Drive Toward Independent IRBs?

Not only is the NPRM commentary explicitly focused on removing concerns about reliance on independent IRBs, but the actual effect of the proposal for single IRB review may be to drive institutions disproportionally toward the independent IRBs. As commenting institutions will likely point out, the notion of ‘single IRB review’ is something of a misnomer, in that the selected reviewing IRB would differ by project, and institutions that participate in many multi-site studies would actually have to establish relationships with multiple different IRBs over time. Each relationship may require the institution to develop a new system for interacting with the reviewing IRB, to train its staff and investigators on the new system, and to build up trust with a new organization and individuals. Moreover, each reviewing IRB would have varying levels of experience with IRB reliance arrangements, varying resources to address local issues, and varying familiarity with HIPAA requirements applicable to the research. The potential for these and other variances may incentivize institutions to identify a few reviewing IRBs with which they can develop sustained relationships and which are likely to be eligible to be selected as the reviewing IRB for the broadest range of multi-site studies (including industry-funded research). These may be independent IRBs. In turn, the funding agencies may be incentivized to select these independent IRBs as the reviewing IRBs for their research. To the extent that IRBs based at assured institutions may be discouraged from serving as the reviewing IRB by liability or liability insurance-related concerns as mentioned above, these IRBs may self-select out of the running for designation as the single IRB. Institutions may wish to provide views on this outcome and whether academic or other institution-based IRBs would be disadvantaged by the proposed mandate.
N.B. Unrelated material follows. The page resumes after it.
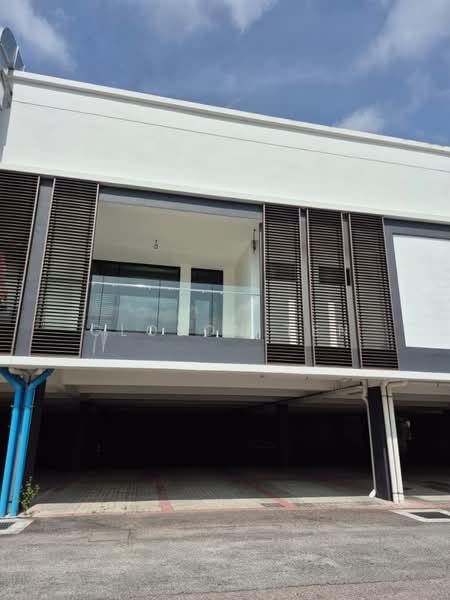 Shop for Rent in Taman Desa Cemerlang (Ulu Tiram) - Gloson Ten - Exterior - PropertyGuru.com.my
Inconsistency re: Required Documentation

As noted, one of the proposed changes would formalize in regulation a requirement for documentation of IRB reliance relationships that lays out the respective responsibilities of the reviewing IRB and relying institution. The commentary in the NPRM indicates that the form of documentation must be a reliance agreement between the parties. See 80 Fed. Reg. 53933, 53984 (Sep. 8, 2015) (“written procedures identifying the compliance responsibilities of each entity . . . should be set forth in an agreement between the institution and the IRB specifying the responsibilities of each entity” (emphasis added)). The proposed regulatory text, which arguably would trump, refers more broadly to an obligation to “establish and follow procedures for documenting the institution’s reliance on the IRB for oversight of the research and the responsibilities that each entity will undertake to ensure compliance with the requirements of this policy (e.g., in a written agreement between the institution and the IRB, or by implementation of an institution-wide policy directiveproviding the allocation of responsibilities between the institution and an IRB that is not affiliated with the institution)” (emphasis added)). (§ __.103(e).) However, the regulatory text is not itself entirely consistent; a different section of the proposed regulation (§ __.115(a)(10)), related to IRB recordkeeping, refers solely to the “written agreement between an institution and an organization operating an IRB specifying the responsibilities that each entity will undertake to ensure compliance with the requirements of this policy, as described in § __.103(e)” (emphasis added). An institutional policy outlining the intended division of responsibilities when the institution relies on an external IRB would not, by itself, be enforceable by the institution against the external IRB (unless incorporated by reference in an actual contract with the IRB). Thus, it is not clear why an institution would forgo reliance agreements in favor of a policy. We would expect that most institutions would use reliance agreements, or perhaps have a policy in addition to reliance agreements. At minimum, however, institutions should request that OHRP clarify the intent regarding the required documentation and ensure that all references to such in any final regulation are consistent.